India's first prime minister, Jawaharlal Nehru (1947–1964), had been an ardent champion of science, but for him the appeal of science was not just economic. Rather, he emphasized a threefold role for science that combined solving the material problems of the nation, addressing social issues, and contributing to the development of a scientific spirit among the Indian people. Nehru even imagined that science could usher in a ‘classless’ Indian society. However, even as he celebrated science as the ‘greatest revolutionary force of the past hundred and fifty years’,17 it was not for Nehru or his followers a means of challenging entrenched power structures in society. Rather, Nehru looked to science as an alternative to the bloodshed that accompanied political revolution, and he specifically sought to avoid the experience of countries like China where socialist revolution had come only after years of violent civil war. Nor did the vision of science as a revolutionary force imply a radical epistemology: rather, postcolonial nationalists in India were adamant about maintaining the rationality and selectivity of the scientific establishment, and to them this implied its disengagement from the rough and tumble of political process.18 For Nehru, the political power of science rested, perhaps ironically, in its rationality, which was understood as a separation from politics.

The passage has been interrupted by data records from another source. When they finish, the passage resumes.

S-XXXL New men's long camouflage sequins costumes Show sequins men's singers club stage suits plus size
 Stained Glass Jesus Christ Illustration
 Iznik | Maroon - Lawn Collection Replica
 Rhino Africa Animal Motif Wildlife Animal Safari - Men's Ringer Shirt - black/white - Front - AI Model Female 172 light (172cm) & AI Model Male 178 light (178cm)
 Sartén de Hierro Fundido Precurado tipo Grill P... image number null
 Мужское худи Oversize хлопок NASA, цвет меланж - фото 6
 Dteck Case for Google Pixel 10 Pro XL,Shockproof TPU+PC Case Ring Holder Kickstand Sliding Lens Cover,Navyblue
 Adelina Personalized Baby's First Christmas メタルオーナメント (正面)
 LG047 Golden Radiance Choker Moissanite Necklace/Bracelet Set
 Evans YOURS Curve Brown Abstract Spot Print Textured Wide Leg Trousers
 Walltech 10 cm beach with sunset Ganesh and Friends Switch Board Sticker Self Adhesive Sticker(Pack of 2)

Nehru's commitment to institutional reforms that promoted social equity and the democratic participation of farmers provided a further check on a fully technocratic approach to agricultural science during his administration. A strategy based dominantly on incentives to greater private investment in modern inputs and concentration of resources in the irrigated areas was not entertained because it ‘might have yielded maximum gains in output, but only at the social cost of widening the gulf between large landowners and the mass of subsistence farmers on the one hand, and the most advantaged and impoverished regions on the other’.19 Policymakers, therefore, insisted on the development of indigenously available biochemical inputs that would be more easily accessible to all farmers and without costing much. This planning orientation informed the agricultural scientists' decision to focus their research primarily on developing fertilizers from indigenous sources rather than relying on imported chemical fertilizers: during the Nehru era research reports from India's premier agricultural research institute, the IARI, indicate a strong emphasis on the development of inputs using locally available organic and inorganic material.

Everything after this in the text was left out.